Der Kläger hat das Urteil des Arbeitsgerichts mit der Berufung angegriffen, soweit das Arbeitsgericht seine erhobenen Ansprüche auf Zahlung einer Karenzentschädigung für die Zeit vom 25. November 2004 bis zum 31. März 2005 abgewiesen und der Widerklage stattgegeben hat. Der Beklagte hat sich mit seiner Berufung gegen die Verurteilung zur Zahlung einer Karenzentschädigung für April 2005 gewandt. Das Landesarbeitsgericht hat die Berufungen beider Parteien zurückgewiesen. Mit der nur für den Kläger zugelassenen Revision verfolgt der Kläger sein Zahlungsbegehren für die Zeit vom 25. November 2004 bis zum 31. März 2005 weiter und beantragt darüber hinaus Abweisung der Widerklage.
Entscheidungsgründe
Die Revision des Klägers ist nicht begründet. Die Vorinstanzen haben die Klage in dem in der Revision noch anhängigen Umfang zu Recht abgewiesen und der Widerklage insoweit zu Recht stattgegeben.
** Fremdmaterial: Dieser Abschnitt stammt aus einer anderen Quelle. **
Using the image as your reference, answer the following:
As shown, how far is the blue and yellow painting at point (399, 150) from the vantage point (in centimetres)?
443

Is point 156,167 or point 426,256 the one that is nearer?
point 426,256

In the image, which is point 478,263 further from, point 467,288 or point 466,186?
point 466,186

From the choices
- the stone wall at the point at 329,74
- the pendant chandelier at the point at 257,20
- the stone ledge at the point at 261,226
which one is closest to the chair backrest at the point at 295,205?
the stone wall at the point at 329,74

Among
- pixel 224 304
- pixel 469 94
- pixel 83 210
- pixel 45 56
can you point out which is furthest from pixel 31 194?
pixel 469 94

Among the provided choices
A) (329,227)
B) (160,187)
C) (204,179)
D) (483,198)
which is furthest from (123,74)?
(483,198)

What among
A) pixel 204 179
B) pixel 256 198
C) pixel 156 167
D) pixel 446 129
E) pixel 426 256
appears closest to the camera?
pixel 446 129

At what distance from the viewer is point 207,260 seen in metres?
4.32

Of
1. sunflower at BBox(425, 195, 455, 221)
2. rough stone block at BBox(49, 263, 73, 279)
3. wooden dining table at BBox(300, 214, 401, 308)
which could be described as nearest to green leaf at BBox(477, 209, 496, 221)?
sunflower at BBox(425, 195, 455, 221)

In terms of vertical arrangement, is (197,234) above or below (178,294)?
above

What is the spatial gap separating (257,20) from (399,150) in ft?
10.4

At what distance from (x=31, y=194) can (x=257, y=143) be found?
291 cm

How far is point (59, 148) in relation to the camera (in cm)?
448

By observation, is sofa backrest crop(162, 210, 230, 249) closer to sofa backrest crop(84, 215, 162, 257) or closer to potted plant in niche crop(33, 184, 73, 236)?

I. Das Arbeitsverhältnis hat bis zum 31. März 2005 bestanden. Es ist nicht analog § 12 KSchG durch die Erklärung des Klägers vom 25. November 2004 mit sofortiger Wirkung erloschen. Der Kläger hat daher für die Zeit vom 25. November 2004 bis zum 31. März 2005 keinen Anspruch nach § 75a HGB iVm. § 7 des Arbeitsvertrags vom 27. Juni 2000 auf Zahlung einer Karenzentschädigung.
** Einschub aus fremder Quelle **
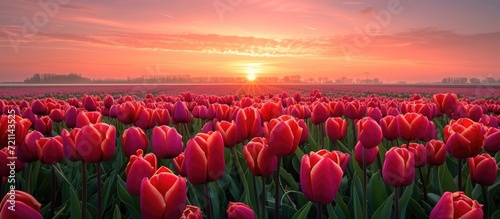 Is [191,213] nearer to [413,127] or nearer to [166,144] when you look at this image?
[166,144]

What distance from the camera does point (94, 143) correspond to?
2.21 m

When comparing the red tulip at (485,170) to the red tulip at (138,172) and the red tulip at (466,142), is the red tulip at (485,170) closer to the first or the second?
the red tulip at (466,142)

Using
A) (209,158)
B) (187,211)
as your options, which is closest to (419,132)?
(209,158)

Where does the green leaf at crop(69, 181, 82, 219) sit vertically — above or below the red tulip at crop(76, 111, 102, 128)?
below

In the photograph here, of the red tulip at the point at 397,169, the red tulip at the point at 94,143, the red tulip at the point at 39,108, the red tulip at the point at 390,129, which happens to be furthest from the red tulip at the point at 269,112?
the red tulip at the point at 39,108

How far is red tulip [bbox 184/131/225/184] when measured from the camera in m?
1.94

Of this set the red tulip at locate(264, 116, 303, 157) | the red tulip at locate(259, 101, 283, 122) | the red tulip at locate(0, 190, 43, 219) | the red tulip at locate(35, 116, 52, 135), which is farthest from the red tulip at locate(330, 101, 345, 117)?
the red tulip at locate(0, 190, 43, 219)

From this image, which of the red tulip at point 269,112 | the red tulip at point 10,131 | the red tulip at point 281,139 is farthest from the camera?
the red tulip at point 269,112

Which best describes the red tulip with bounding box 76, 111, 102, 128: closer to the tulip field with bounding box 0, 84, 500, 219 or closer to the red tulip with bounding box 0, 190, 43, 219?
the tulip field with bounding box 0, 84, 500, 219

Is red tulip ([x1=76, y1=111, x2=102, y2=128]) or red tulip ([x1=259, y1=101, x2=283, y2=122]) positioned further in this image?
red tulip ([x1=259, y1=101, x2=283, y2=122])

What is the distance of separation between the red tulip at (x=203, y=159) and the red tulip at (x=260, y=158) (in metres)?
0.28

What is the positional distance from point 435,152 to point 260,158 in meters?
1.57

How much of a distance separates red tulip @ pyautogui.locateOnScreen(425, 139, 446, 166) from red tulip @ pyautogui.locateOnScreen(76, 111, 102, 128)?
2.79m

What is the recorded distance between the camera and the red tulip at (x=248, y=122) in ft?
9.75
1. Das Arbeitsverhältnis ist durch die Erklärung des Klägers vom 25. November 2004 nicht mit sofortiger Wirkung beendet worden. Die Voraussetzungen für die Ausübung des Sonderkündigungsrechts nach § 12 KSchG liegen nicht vor.
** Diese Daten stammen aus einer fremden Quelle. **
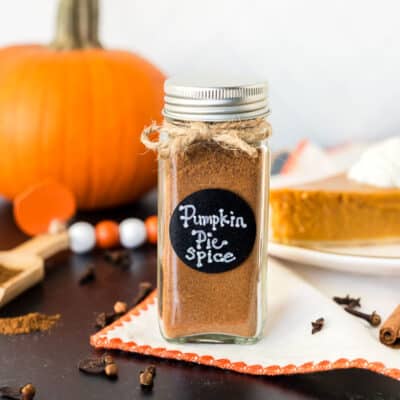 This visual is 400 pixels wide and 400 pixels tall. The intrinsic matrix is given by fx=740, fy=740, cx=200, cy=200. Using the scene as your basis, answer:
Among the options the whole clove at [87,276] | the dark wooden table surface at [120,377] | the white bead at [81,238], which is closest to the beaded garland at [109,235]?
the white bead at [81,238]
a) Nach § 12 KSchG kann der Arbeitnehmer binnen einer Woche nach Rechtskraft des Urteils durch Erklärung gegenüber dem alten Arbeitgeber die Fortsetzung des Arbeitsverhältnisses bei diesem verweigern, wenn nach der Entscheidung des Gerichts das Arbeitsverhältnis fortbesteht, der Arbeitnehmer jedoch inzwischen ein neues Arbeitsverhältnis eingegangen ist. Mit dem Zugang der Erklärung erlischt das Arbeitsverhältnis. Die Erklärungsfrist des § 12 Satz 1 KSchG ist gewahrt, wenn der Arbeitnehmer schon vor Rechtskraft des Urteils dem Arbeitgeber mitteilt, im Falle des Obsiegens im Kündigungsschutzprozess das bisherige Arbeitsverhältnis nicht fortsetzen zu wollen (BAG 19. Oktober 1972 – 2 AZR 150/72 – AP KSchG 1969 § 12 Nr. 1 = EzA KSchG § 12 Nr. 1).
b) Der Kläger hat zwar innerhalb der Wochenfrist des § 12 Satz 1 KSchG erklärt, das Arbeitsverhältnis beim Beklagten nicht fortsetzen zu wollen. Für die Wahrung dieser Frist ist dabei unerheblich, ob das im Kündigungsschutzprozess ergangene Urteil des Arbeitsgerichts vom 29. September 2004 schon rechtskräftig war, als der Kläger dem Beklagten am 25. November 2004 das Schreiben vom selben Tag übergab, weil der Kläger das Sonderkündigungsrecht auch vor Rechtskraft dieses Urteils ausüben konnte. Die weiteren Voraussetzungen für die wirksame Ausübung des Sonderkündigungsrechts aus § 12 KSchG liegen jedoch nicht vor. Der Kläger ist nach Ablauf der Kündigungsfrist während des Laufs des Kündigungsschutzprozesses kein neues Arbeitsverhältnis eingegangen, sondern hat sich selbständig gemacht. Nach dem Wortlaut des § 12 KSchG besteht in diesem Fall kein Sonderkündigungsrecht. Der Kläger konnte das Arbeitsverhältnis nur durch ordentliche Kündigung unter Beachtung der vertraglich vereinbarten Kündigungsfrist von drei Monaten zum Quartalsende kündigen.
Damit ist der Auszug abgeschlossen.